Love at Last Sight by Vedrana Rudan
Victoria, Texas. Dalkey Archive Press. 2017. 204 pages.
Vedrana Rudan’s new provocatrice, Tilda (unnamed until the penultimate chapter), recalls the protagonist of her first novel, Night, both middle-aged, middle-class wives with a daughter and a lover. Its focus the sexual battlefield—if Love at Last Sight does not, like Night, foreground realpolitik—it censures global institutions for creating an existential void that transforms love into war.

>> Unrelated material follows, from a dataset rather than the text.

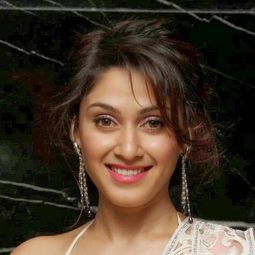 Manjari Phadnis - 老鼠與貓演員 飾演Meghna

Rudan subverts structure, plot, and voice, employing a quasistructure—twelve chapters—and two elaborate, interconnected quasiplots: Tilda, dead, on a bucking horse, explaining why she killed her husband in order to learn her otherworldly terminus (a final twist transports her from outside the pearly gates to earth); the history of a hunt she and her husband undertook, which resulted in his murder. Pleading her case to invisible judges, Tilda reveals her backstory in a first-person, unparagraphed stream-of-consciousness, its acid humor laced with pain and anger. She manipulates her material, noting “minor digressions,” the need to “get back on track,” and the many inadequate segues, but justifies everything: “It’s tough for me to stick to topic because you aren’t saying anything . . .”

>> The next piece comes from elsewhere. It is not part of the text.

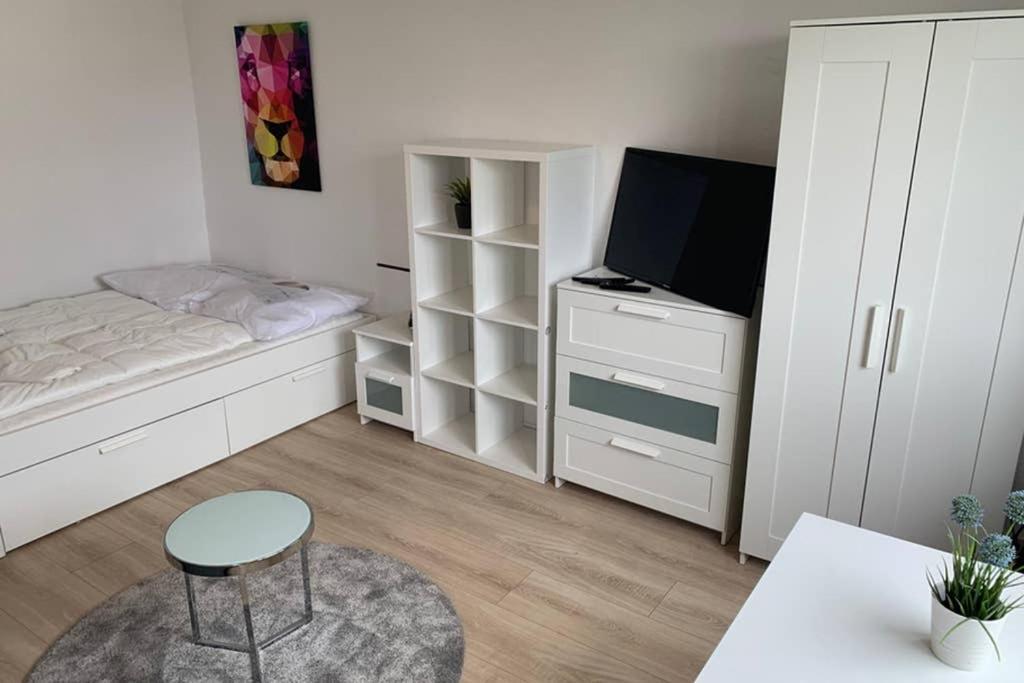 1 Zi-whg, Netflix, Wifi, Kueche, 15min Zum Zentrum * Leipzig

Tilda’s truths—e.g., “Power responds to Powerlessness,” “Man and woman are . . . nothing more than animals,” and women are “the under-est of underdogs on Earth”—announce her central themes. The hunt, a major trope, empowers the hunter and mirrors the quest for trophy mates: a mounted boar’s head embodies men and women emptied of internal lives. But societal definitions—men as “spirit, reason, charm, mind,” women as “tits, cunt, ass, eyes”—leave Tilda feeling “more than just tits, belly stretch marks . . . the fact that I have a cunt says nothing about me.” Confused, angry, yet acquiescing to those norms, she asks, “Am I a person?”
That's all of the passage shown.